Spam Detection Using NLP

How do we extract features from text to identify spam messages?

Abstract

Spam emails in the United States costs approximately 20 billion annually, compared with approximately 200 million in surplus generated by the spam to users (David Reiley). Spamming is a big problem that is not an easy problem to solve manually. With the booming age of technology, spams are generated and sent at an unprecedented rate and this calls for a more innovative way of blocking out spam emails. Luckily for us, we also happen to live in an age where Machine Learning and Natural Language Processing methods can be implemented to build a classification model to distinguish whether a given email is a spam or not.

Dataset Overview

The dataset was taken from Enron. The dataset contains ~33k emails, approximately evenly split between spam and not spam. However, the data is raw and needs a lot of pre-processing before any data manipulation can be done.

Data Cleaning

The raw format of the dataset contains two folders filled with .txt files; one for spam messages and another for non-spam messages. Figure 1 shows a sample .txt file.

Sample Raw Data .txt

The steps to clean each .txt files are as follows:

  1. Extract first line and record as ‘subject’.
  2. Everything else besides the first line will be part of the message.
  3. Utilizing regular expression (REGEX), extract first date encountered based on format.

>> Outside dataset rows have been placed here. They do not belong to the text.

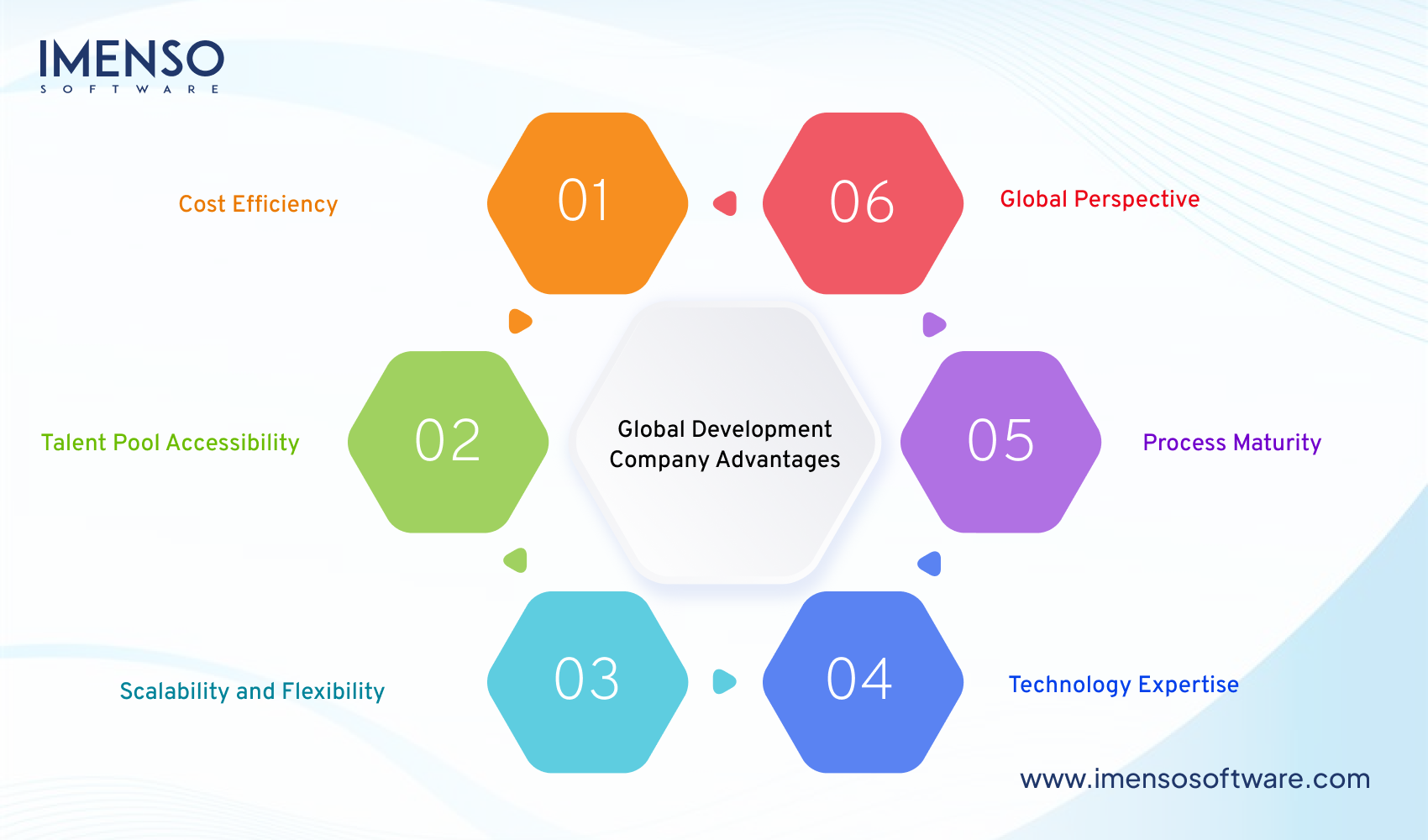 Local vs. Global Software Development: Making the Right Choice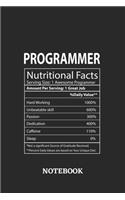 Nutritional Facts Programmer Awesome Notebook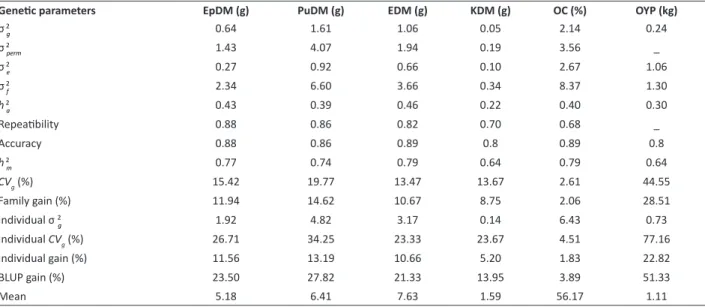 Table 2.  Number of fruits necessary to obtain the values of coefficient of determination (r²), accuracy (ACUR) and efficiency (Ef)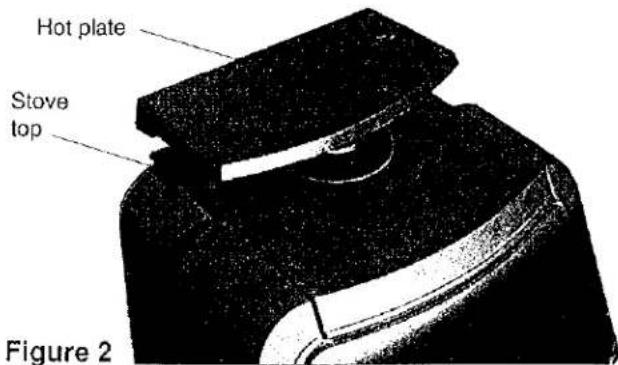Hot plate Stove top Figure 2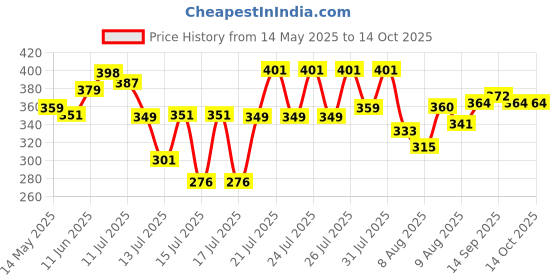 flipkart.com ugc Shock-Proof Immersion Rod – 1500W High-Quality Water Heater with Warranty 1500 W Shock Proof Immersion Heater Rod ugc Price History Graph from 14 May 2025 to 9 Oct 2025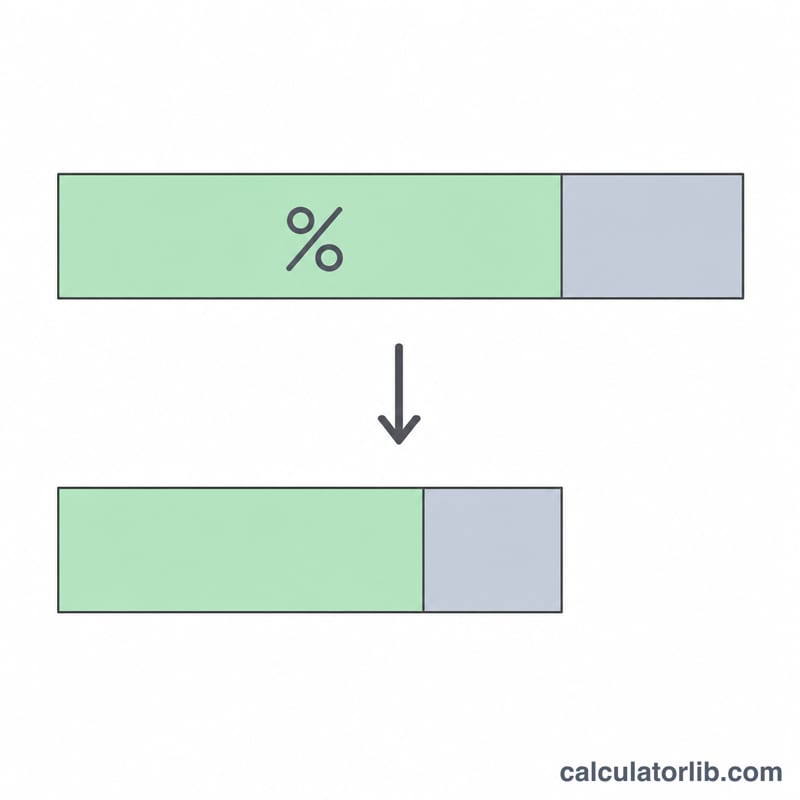 Diagram showing original price bar split into a discount portion and a sale price portion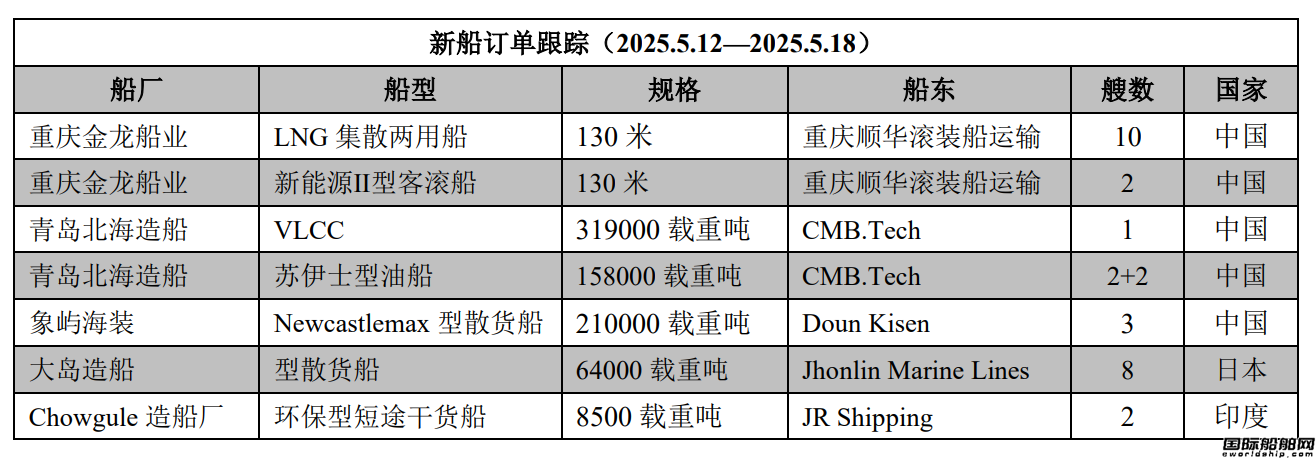 新船訂單跟蹤（2025.5.12—2025.5.18）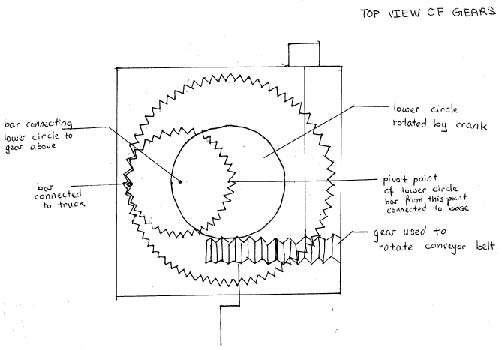 our project is an automation of a dump truck which moves linearly on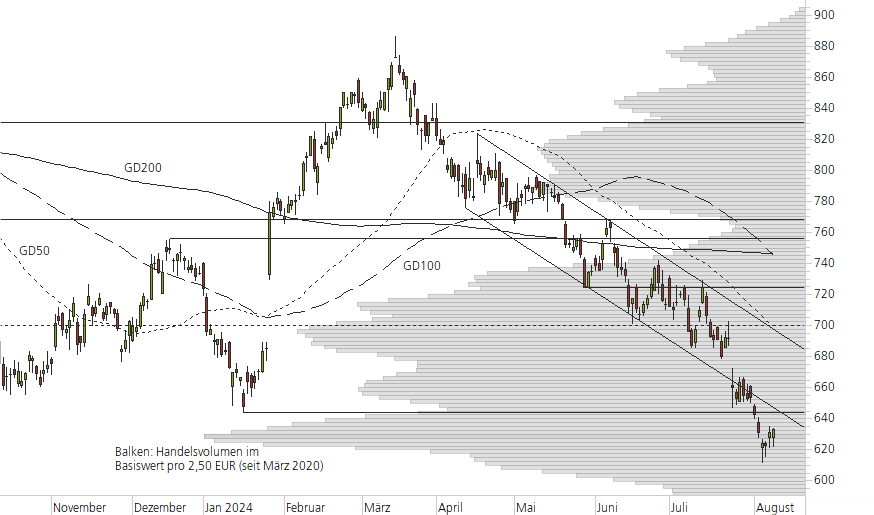 LVMH-10-Monats-Chart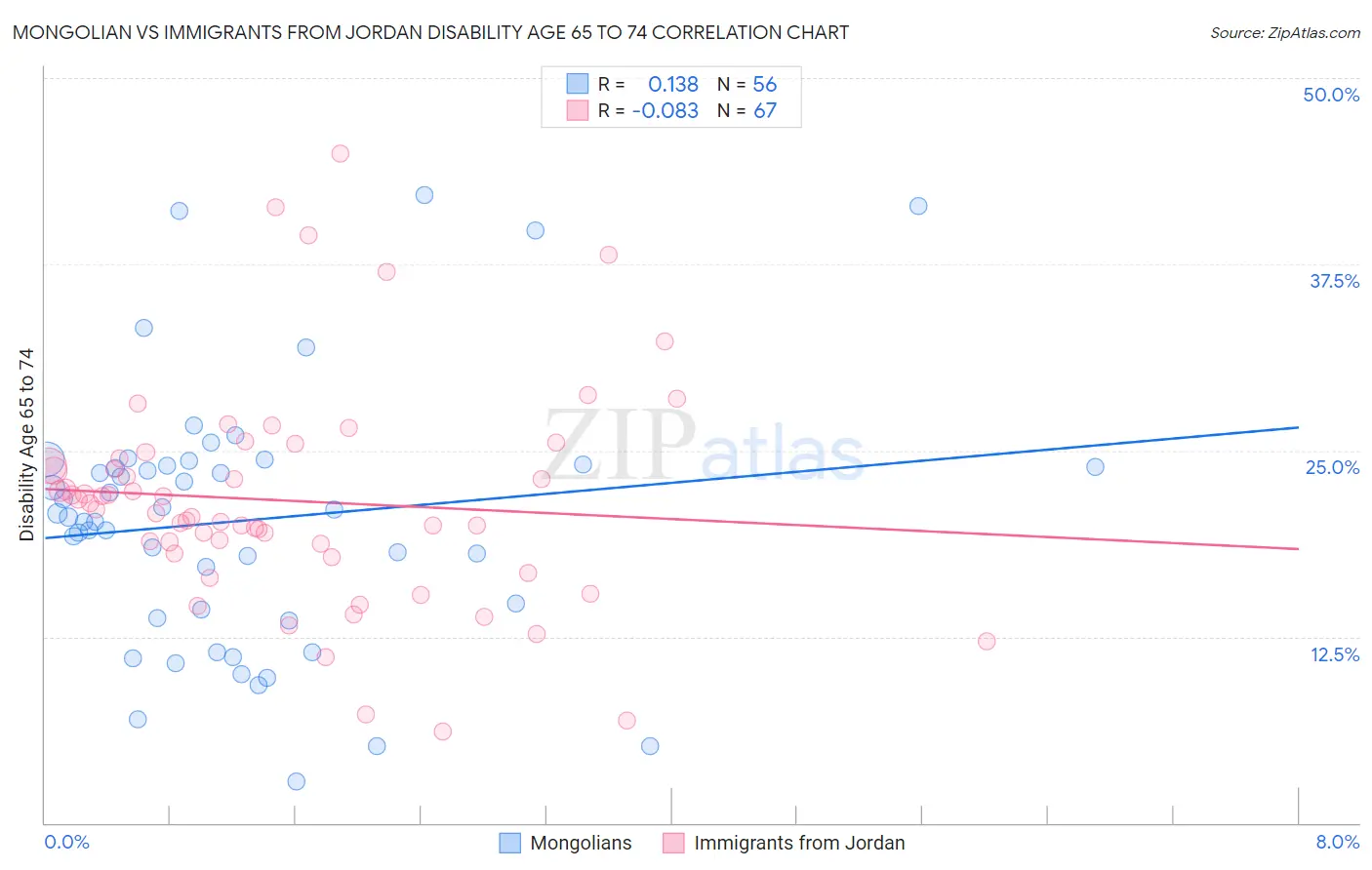Mongolian vs Immigrants from Jordan Disability Age 65 to 74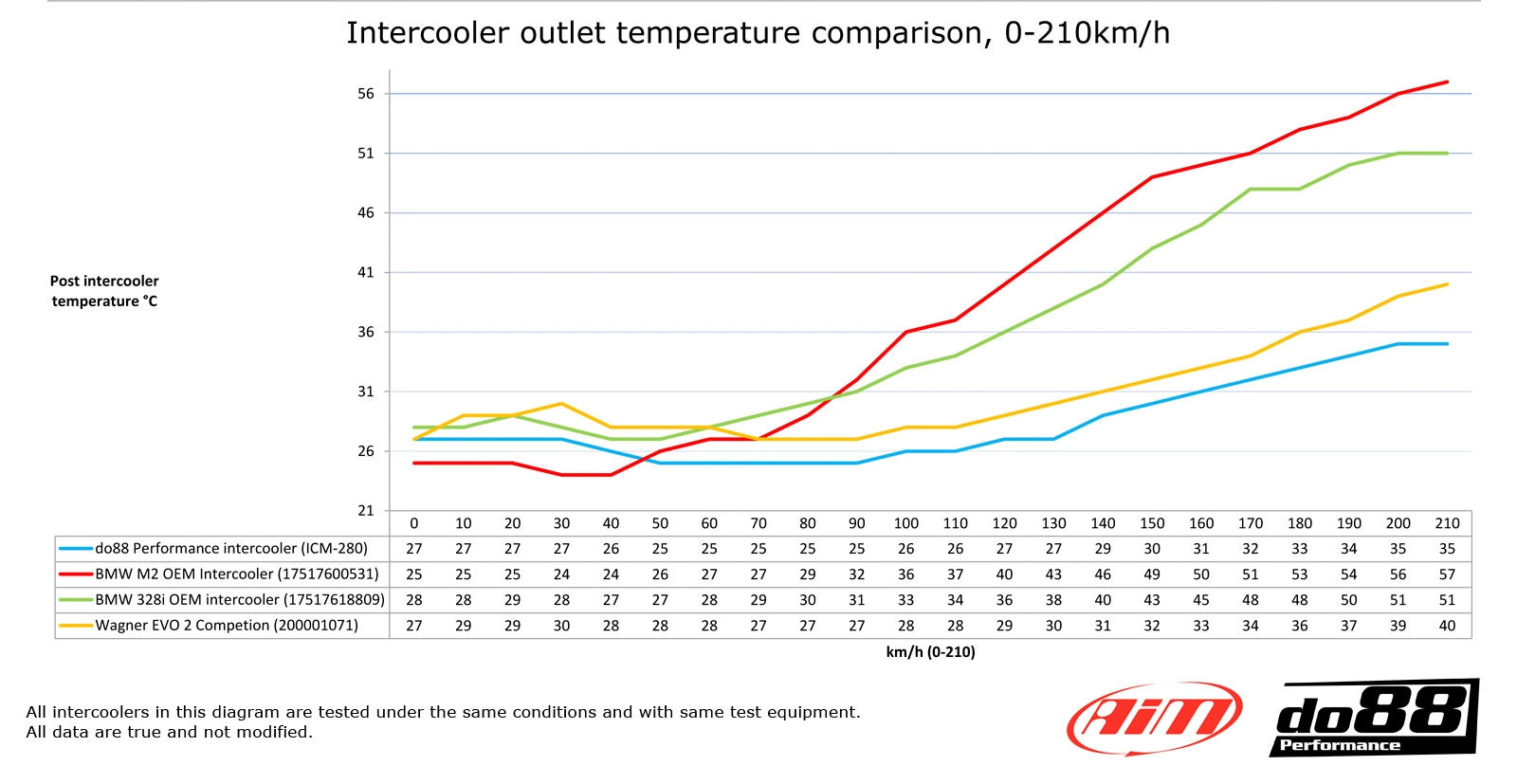 do88 Performance Intercooler - BMW F2x F3x F87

After applying these steps to all .txt files, a DataFrame will be generated by Pandas with the format shown on Figure 2.

Cleaned DataFrame

Exploratory Data Analysis

The dataset is relatively balanced with a discrepancy of around 1.8% of the total messages. Figure 3 shows a bar plot of the division between spam and non-spam messages. EDA It is shown that the dataset that will be used to train is a well-balanced one. Figure 4 shows the time frame of these messages. Most of the messages being sent are between 2000-2001 and 2004-2005. There seems to be a gap between 2002-2003, but this should not create any significant error. Word Cloud Figure 5 and 6 shows word-clouds for genuine and spam messages, respectively. Notice that official and formal words are likely to be found on the genuine word-cloud, whereas words on the second word-cloud are typically found in spam messages.

Data Preprocessing

Each row (message) from the DataFrame goes through a flow of data pre-processing before it is used to train models. The flow is depicted in Figure 7. Pre-processing Flow The raw data consists of the Message column of the DataFrame. The next step is to convert to lowercase and tokenize word-per-word. Unique words will then be put inside an index, denoted by an integer. Each message is then converted to an array of integers based on the word index. Lastly, the sequences are padded in the front so that all messages have the same length. Now, since the text is converted to a numerical representation, it can be quantified and used to train the models later on.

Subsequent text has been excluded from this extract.